Wrangled is the second solo studio album by outlaw country singer and country music trio Pistol Annies member Angaleena Presley. It was released via Thirty Tigers Records on April 21, 2017.

==Background==
Wrangled contains several songs with noteworthy collaborations. "Dreams Don't Come True" reunites Presley with her Pistol Annies bandmates Ashley Monroe and Miranda Lambert. Chris Stapleton co-wrote "Only Blood", which features Stapleton's wife Morgane on vocals. Wanda Jackson, known as "Queen of Rockabilly," co-wrote "Good Girl Down" with Presley and Vanessa Olivarez. "Cheer Up Little Darling", a song Presley co-wrote with Guy Clark, was the final song Clark completed before he died on May 17, 2016. As a tribute, Shawn Camp played Clark's mandola and his No. 10 guitar (which was used to write the song).

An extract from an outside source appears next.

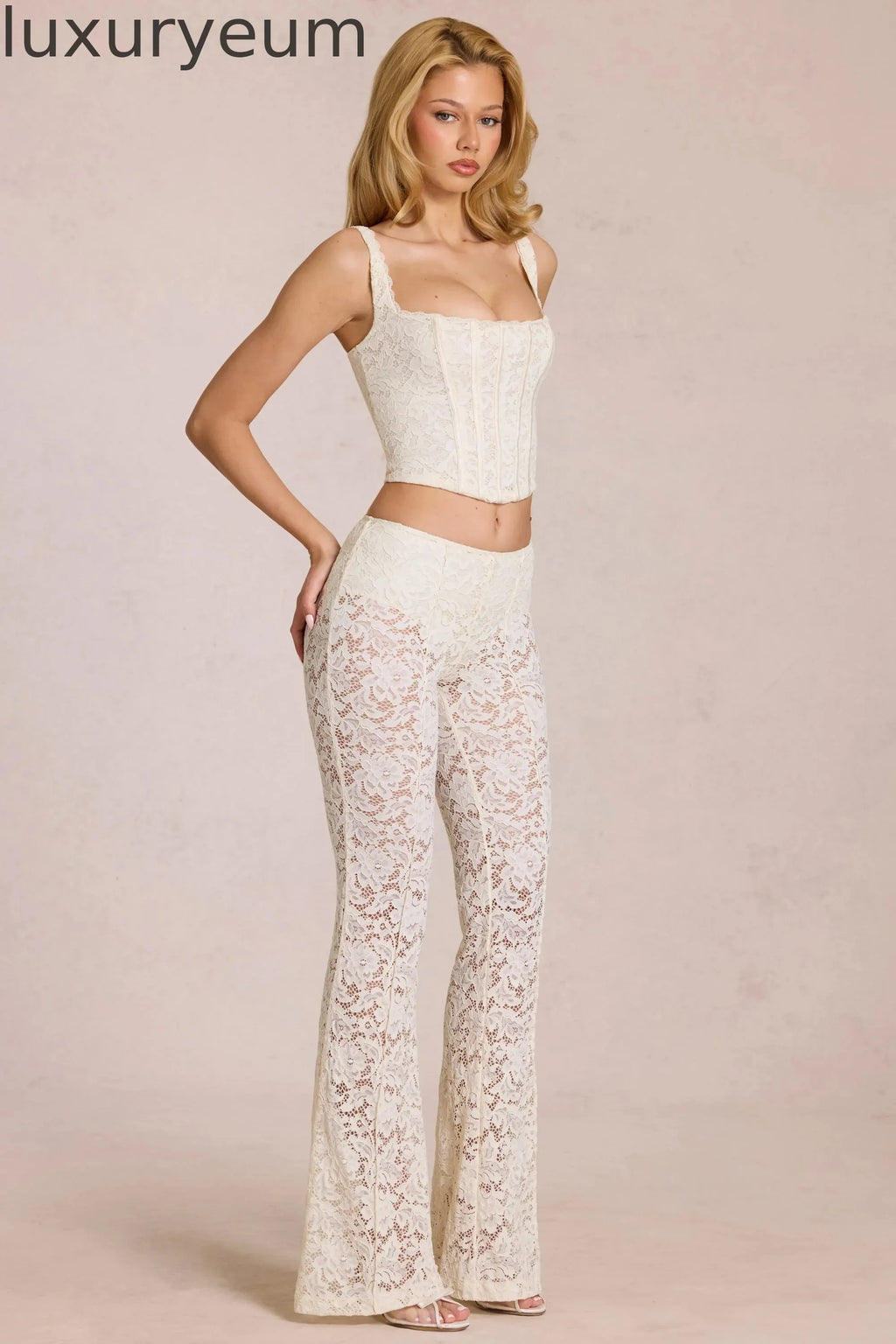 Sheer Lace Mid-Rise Flared Trousers in Pearl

Audio of Clark reciting the first verse is heard in the song before Presley starts singing.

==Critical reception==

Wrangled received acclaim from music critics. At Metacritic, which assigns a normalized rating out of 100 to reviews from mainstream critics, the album has an average score of 83 out of 100 based on 8 reviews, which indicates "universal acclaim". Stephen Thomas Erlewine of AllMusic wrote that Presley "may emphasize her ties to the past but she's intent on expanding the tradition, turning country music into a bolder, more inclusive place, and that desire is what makes Wrangled such a compelling album."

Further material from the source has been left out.